5.5    Klager verwijt verweerder dat hij tegen de wil van klager aan de advocaat van de wederpartij heeft bevestigd dat klager akkoord was met de inhoud van de concept e-mail aan de deurwaarder. Uit de aan de raad overgelegde e-mailcorrespondentie van 13 januari 2021 volgt dat verweerder op 13 januari 2020 om 9:13 uur aan klager heeft gevraagd of hij akkoord ging met de concept e-mail aan de deurwaarder, welke vraag klager bevestigend heeft beantwoord.

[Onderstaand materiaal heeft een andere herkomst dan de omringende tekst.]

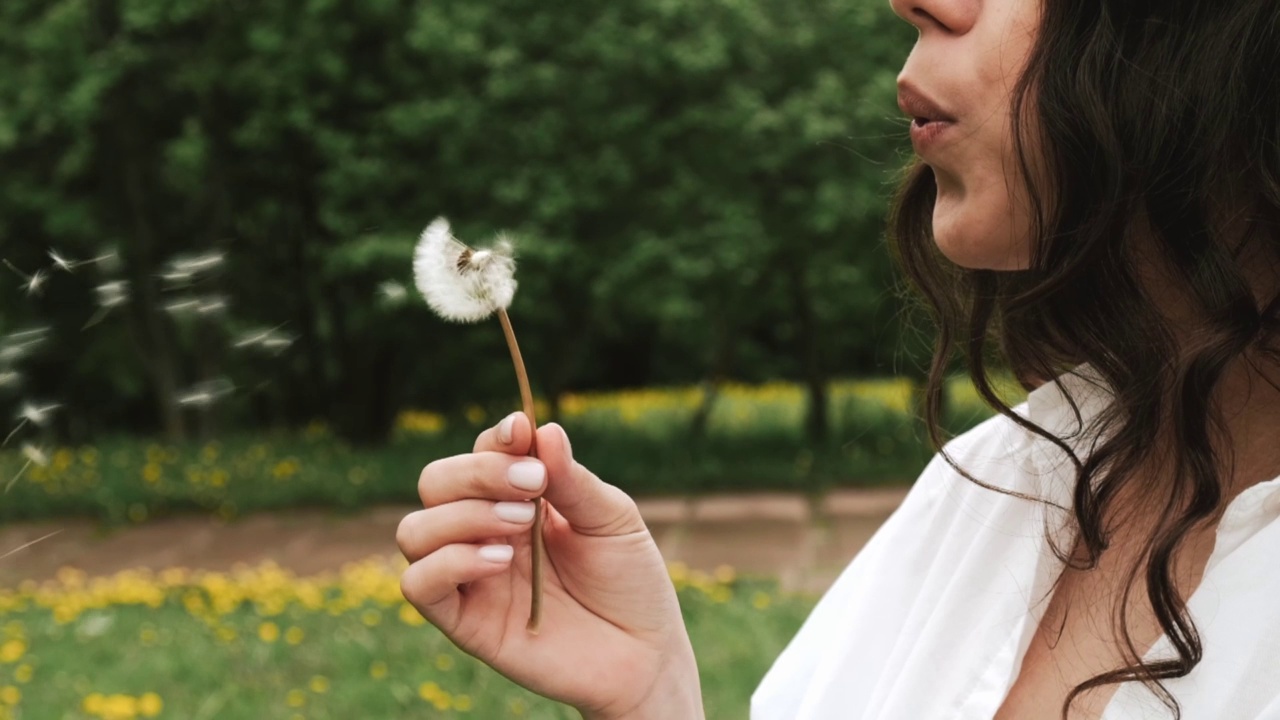 一个年轻的黑发女人的特写吹蒲公英在一个夏天的公园。视频素材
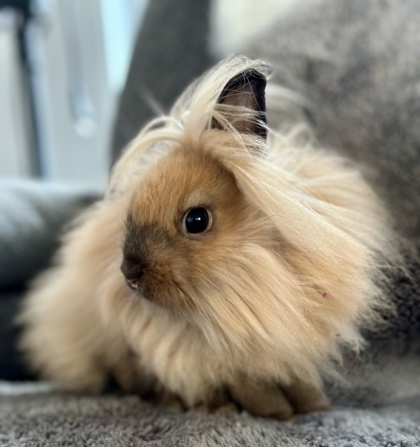 Eevee (Moka)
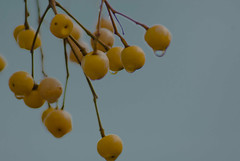 Yellow Berries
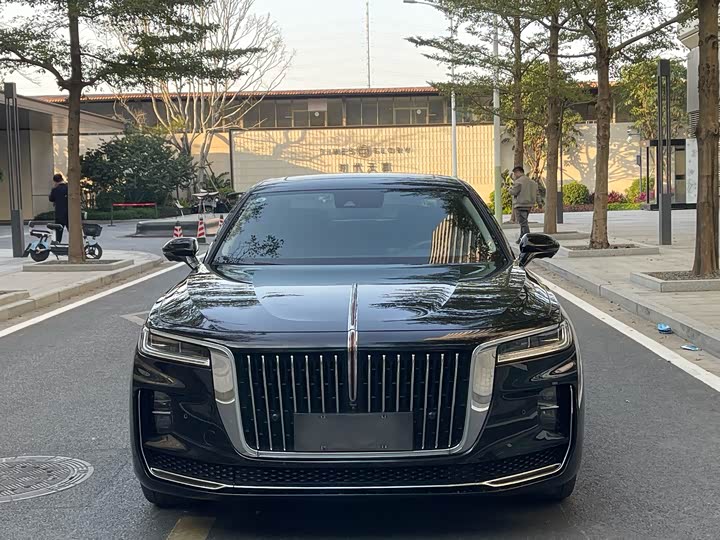 Фото 2 - Hongqi H9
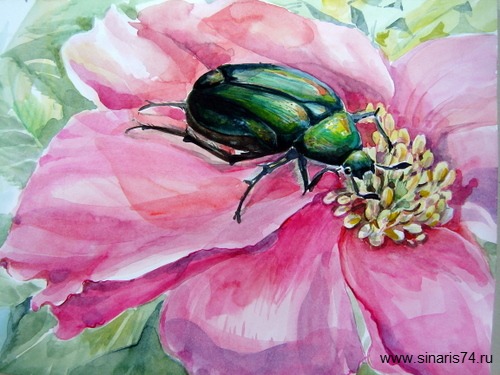Сочинение по картине: Бокарева - "Жужелица (красотел пахучий)" Сочинение по картине: Бокарева - "Жужелица (красотел пахучий)"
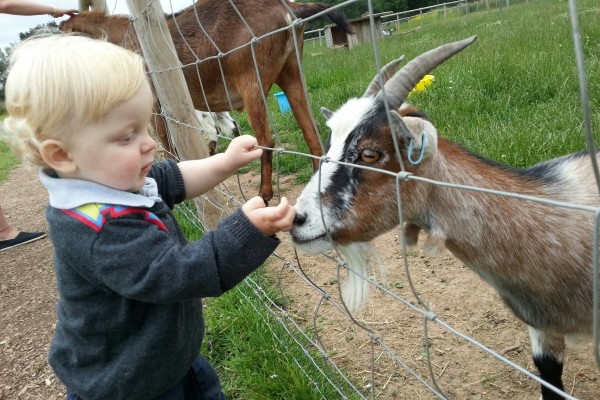 See the Animals at Cob House near Worcester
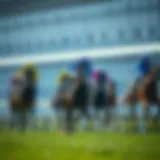 Analysis of horse racing results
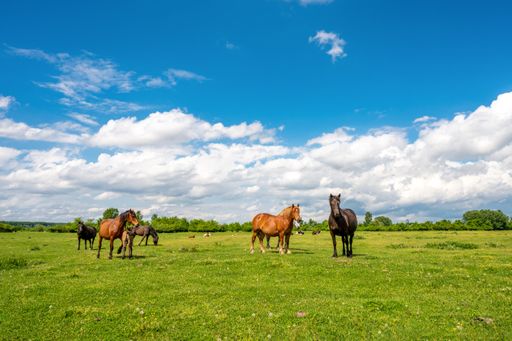 The horses and cows grazing in the green field against a cloudy sky on a sunny day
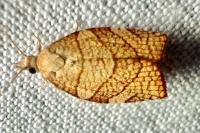 Pandemis corylana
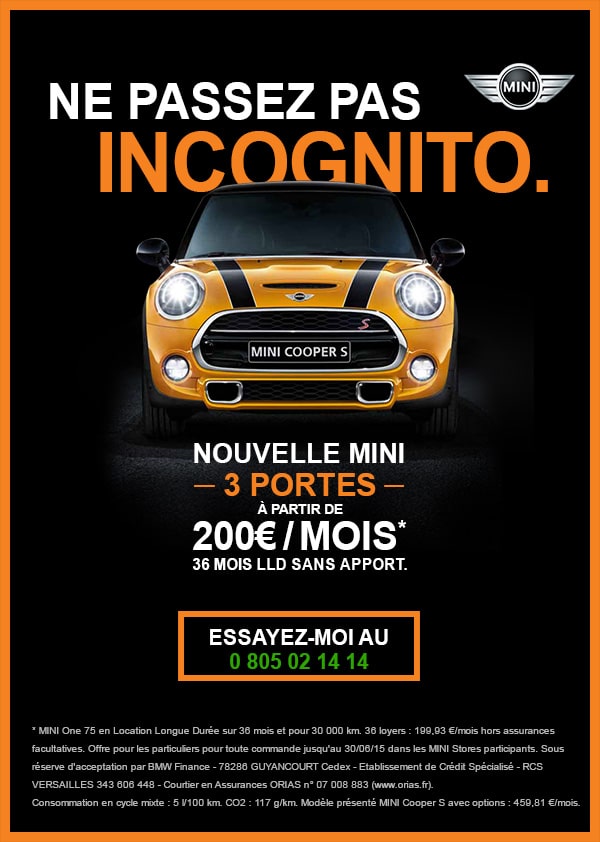 NOUVELLE MINI 3 PORTES  (1)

Verweerder heeft vervolgens om 10:00 uur, overeenkomstig de reactie van klager, de advocaat van de wederpartij bericht dat klager akkoord ging met de inhoud van de e-mail aan de deurwaarder. Klager heeft om 11.55 uur ten aanzien van de kosten van de deurwaarder een e-mail aan verweerder gestuurd. Los van de vraag of klager, zoals klager veronderstelt, juridisch gezien nog op de inmiddels overeengekomen regeling kon terugkomen, volgt de raad klager niet in zijn stelling dat uit de e-mail van 11:55 uur volgt dat hij niet langer akkoord ging met de door de advocaat van de wederpartij geformuleerde regeling en dat verweerder zijn om 10:00 uur aan die advocaat verzonden e-mail, waarvan aan klager in cc een afschrift is toegezonden, diende te rectificeren. Het verwijt dat verweerder tegen de kennelijke wil van klager aan de advocaat van de wederpartij heeft bericht dat klager instemde met de voorgestelde regeling is onterecht. Klachtonderdeel e) is ongegrond

5.6    Verweerder heeft op 11 maart 2020 direct na de aansprakelijkstelling door klager melding gemaakt bij zijn beroepsaansprakelijkheidsverzekeraar. Verweerder heeft klager per e-mail van 11 maart 2020 om 22:10 hierover geïnformeerd. Dit klachtonderdeel is feitelijk onjuist en daarom ongegrond.

 

BESLISSING

De raad van discipline:

verklaart de klacht in alle onderdelen ongegrond;

 

Aldus beslist door mr. J.M.H. Schoenmakers, voorzitter, mrs. L.R.G.M. Spronken en H.C.M. Schaeken, leden, bijgestaan door mr. I.J.M. Huysmans-van Opstal, als griffier en uitgesproken in het openbaar op 19 juli 2021.